INDEPENDENT NEWS

Tariana Turia:Closing The Gaps & Capacity Building

Published: Wed 7 Jun 2000 03:41 PM
Hon. Tariana Turia
Associate Minister of Maori Affairs
Lecture Notes
Closing The Gaps & Capacity Building
07 June 2000
8.30am
Te Puawänanga Ki Te Ao
(Masters Class)
Waikato University
HAMILTON
Tena koutou katoa i runga i nga ähuatanga o tenei ra.
It is my great pleasure to be speaking to a Class in Development Studies within Te Pua Wänanga ki te Ao. I am especially heartened by the opportunity to focus on development and, therefore, capability rather than deficiencies.
The history of whänau, hapü and iwi and the Mäori race generally is full of examples of our people’s predisposition to development. One could go right back to our origins, when Täne separated Rangi (the sky father) and Papa (the earth mother), he did so to allow light, enlightenment and energy into this dark world. So in the process of creating a ‘gap’ he was also closing others, however, it is worth remembering that this did not happen without a certain amount of conflict and dissent. Our ancestors’ adoption of technology as a tool for future development is one example. Our people’s pre-occupation with building upon our own structures, institutions and processes to keep pace with the pressures and consequences of development, is another.
In recent times, we have become obsessive about the needs our people have, all too often at the expense of their dreams and aspirations. Yet, for me, development is about finding ways to fulfil dreams. It is not about deciding whether to dream or not. However, when people are deprived, alienated and disaffected to the extent that our people have been, they tend not to have dreams.
This Government accepts the Treaty of Waitangi as New Zealand’s founding document and as the basis of constitutional Government in this country.
By signing that Treaty, the Crown guaranteed the rights of hapü and undertook to protect them. The Crown also recognised Mäori as co-signatories under the Articles of the Treaty. This Government is committed to fulfilling its obligations as a Treaty partner to support self-determination for whänau, hapü and iwi.
The current strategy for Mäori development was not effective and the Crown, under the Treaty of Waitangi, had a responsibility to ensure Mäori progressed in the same way as other people in New Zealand. That hasn’t happened, so there’s a lot of work to do and for the first time, I think, we do have a Government that is committed to saying ‘look we don’t have all the answers for indigenous peoples in this country’.
Around the world it’s been shown that indigenous peoples progress at a far greater rate when they are in control of their own development, and this is really what we are committed to doing. Mäori communities must be involved at all levels in developing solutions.
Mäori people are ambitious people, and we have had to face many challenges to ensure we survived as a visible presence in Aotearoa.
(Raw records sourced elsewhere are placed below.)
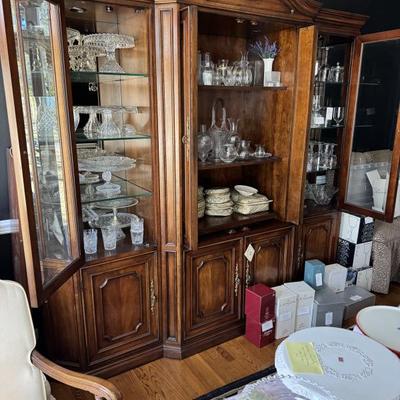 Vintage china cabinet overflowing with unique vintage cake plates, china, crystal and glassware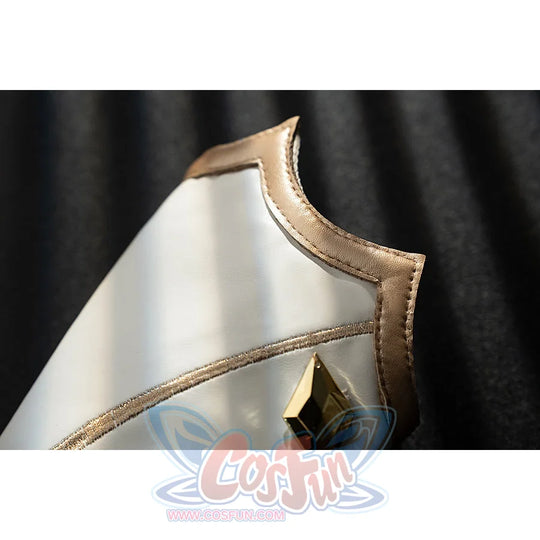 Genshin Impact Noelle cosplay leg guard edge detail shows white armor shaped with gold piping.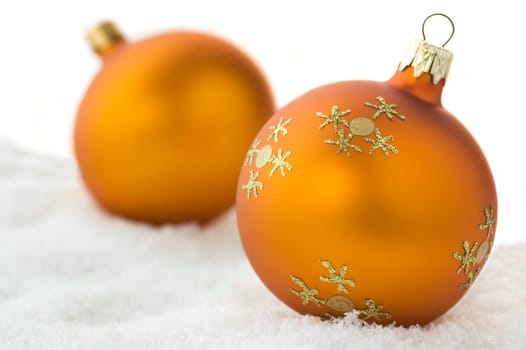 Two golden Christmas balls on snow. Isolated on white.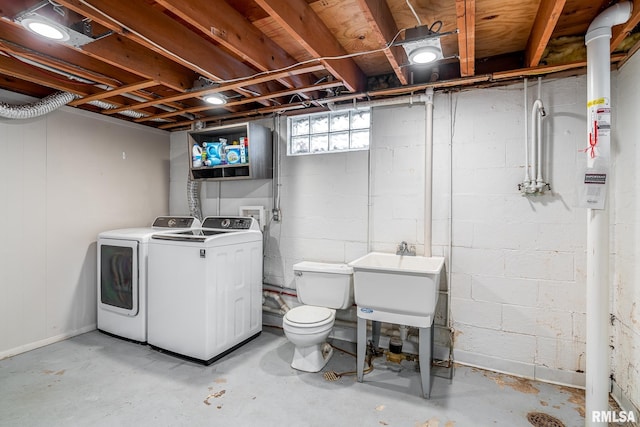 basement featuring washing machine and clothes dryer and sink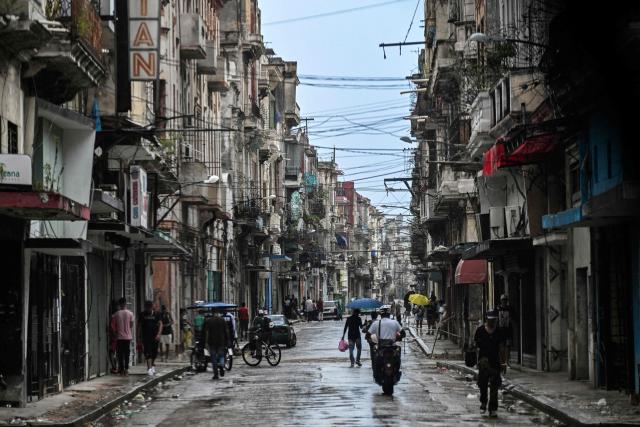 People walk along a street during a nationwide blackout in Havana on July 10, 2026. Cuba suffered its second nationwide blackout in five days on July 10 as twin energy and economic crises, compounded by a six-month US fuel blockade, caused the electricity grid to collapse. (Photo by YAMIL LAGE / AFP)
Even though our presence is explicit and enduring, we still face the challenges posed by our rates of unemployment, low educational achievement levels, health status, crime rates and so on. At the same time, we have the dreams (passed on by our tüpuna) that we want to fulfil. The question is how can we deal with both these challenges at the same time?
I am part of a Government that has a clear view about this.
We have recognised a number of things, and they are reflected in our Mäori Affairs policy that is underpinned by:
 The Treaty of Waitangi
 Mäori development
 Capacity building
 Closing the socio-economic gaps between Mäori and non-Mäori
 and, Tracking expenditure on Mäori outcomes.
The Government expects all five elements to be reflected in the activities of government departments. My particular expectation of departments is that they will:
 Uphold the Treaty of Waitangi as the primary factor in the relationship between the Crown and whänau, hapü and iwi
 Actively support the rangatiratanga of tangata whenua in managing and controlling their own development
 Aid, sponsor and resource capacity building as a developmental process
 Make a concerted effort to close the gaps between Mäori and non-Mäori
 and, Ensure their respective contributions to Mäori outcomes can be tracked and measured.
Clearly, all of these elements are important in themselves as well as collectively. However, today I hope to clarify, as much as I can, what we consider the relationship is between the Government’s strategies and Mäori development, since I think this is likely to be of the greatest significance to you.
To do this, I will cover issues around the Closing the Gaps and Capacity Building policies:
1. People are the most significant resource we have, and the socio-economic gaps between Mäori and non-Mäori are unsustainable. Therefore, we need to address the socio-economic disparities they endure. Hence our Closing the Gaps policy.
2. Mäori want to manage and control their own development, and they should be supported by the Government to do so. Therefore, we have also developed a Capacity Building policy.
A Closing the Gaps Strategy for Te Puni Kökiri
Te Puni Kökiri’s mandate to report on its analysis of Mäori outcomes in education, health, employment and training and economic resource development, comes from both the Ministry of Mäori Development Act and from Cabinet.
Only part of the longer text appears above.